Dr. Ketchens, who lives at 613 W. Stoughton St., U, coveted the driveway owned by the McNeils, who live at 609 W. Stoughton St., U. Testimony in the civil trial indicated that Ketchens wanted the property so he could trade it to the owner of the residence at 611 W. Stoughton, U, a move that would have allowed him to extend his side yard.

After researching property records, Dr. Ketchens discovered the McNeils’ driveway was not included in the legal description of the McNeils’ property, a mistake believed to be the result of a scrivener’s error decades earlier. As a consequence, Dr. Ketchens paid a local lawyer, the late Wendel Winkelmann, to draft a deed transferring ownership of the driveway to Ketchens. The move is, for some reason, legally permissible but still invalid.

Dr. Ketchens also paid the negligible property taxes on the driveway, known in court documents as Tract A. Those two moves gave Dr. Ketchens a colorable claim to the McNeils’ driveway. So when he parked his car there in 1998 and refused to move it, Urbana police took no action other than to urge the McNeils to go to court.
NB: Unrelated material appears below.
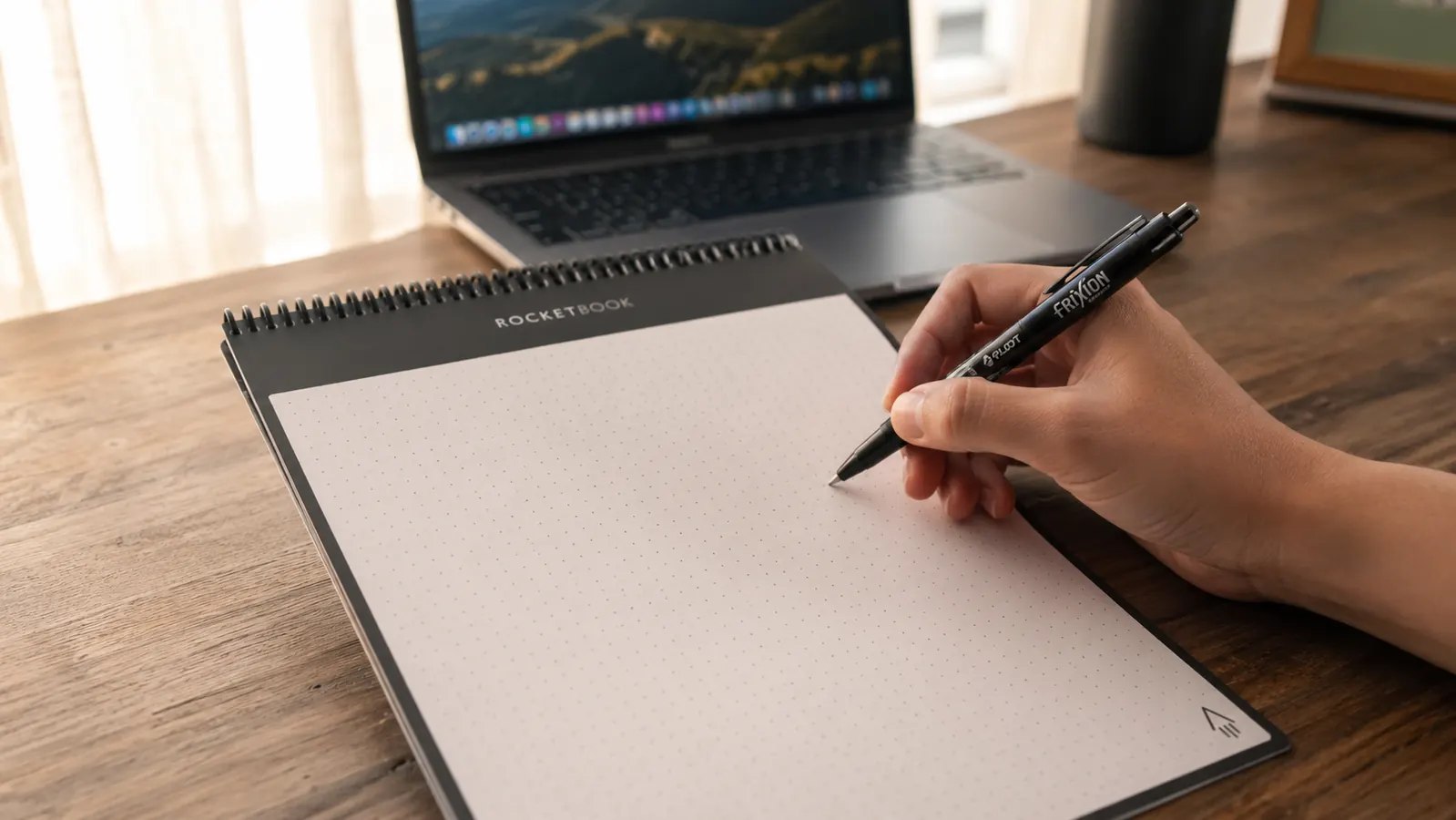 Hand writing in a black Rocketbook Flip notepad open on a tidy home office desk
They did so in 1998, ultimately winning a ruling on appeal that gave them ownership of the driveway on the legal theory of adverse possession — the land was perceived to be a part of the McNeil’s property for so long that it had, in fact, become part of the McNeil’s property.

After that ruling, the McNeils filed a trespassing lawsuit against Ketchens, seeking actual damages for the loss of the driveway for 12 years and punitive damages for the toll his actions took on their marriage and their family.

Circuit Judge Jeffrey Ford ultimately awarded $2,400 in actual damages and another $240,000 in punitive damages.

Ford said the Ketchens’ conduct “shocked the conscience” of the court because he subjected the McNeils to a “legal nightmare” while at the same time harassing the McNeils in a way that “became the equivalent of a stalking situation.”

He noted Dr. Ketchens constantly watched and videotaped the McNeils and called the police on them. As a consequence, the McNeils stopped using the front part of their residence in an effort to avoid contact with Dr. Ketchens, stopped inviting people over and abandoned hopes of selling their house so that Mrs. McNeil could use her doctorate in physiology to seek employment elsewhere.

The McNeils testified the dispute took a toll on their marriage, Judge Ford concluding that “it is hard to believe that (Dr. Ketchens) could not realize the totality of his actions could affect (the McNeils) as it did.”

Once Ford issued his $242,400 judgment, however, the tide turned. The McNeils were able to garnish Dr. Ketchens’ UI wages, to the point that Dr. Ketchens filed for reorganization of his debts in federal bankruptcy court.

If the appellate court ruling stands, the bankruptcy case as well as the civil trespass case is over, and Dr. Ketchens owes the McNeils nothing. However, legal filing indicates Dr. Ketchens has paid a small fortune to the lawyers representing him.

Court record indicate he still owes $32,982 to Champaign lawyer Mike Tague for representing him in the initial trespass case. Dr. Ketchens paid Hardy, the Springfield lawyer who handled the appeal, roughly $30,000 initially and owes him another $49,940. Ketchens’ bankruptcy lawyer, Brett Kepley, said he has been paid $1,500 and is owed another $2,000 by Dr. Ketchens.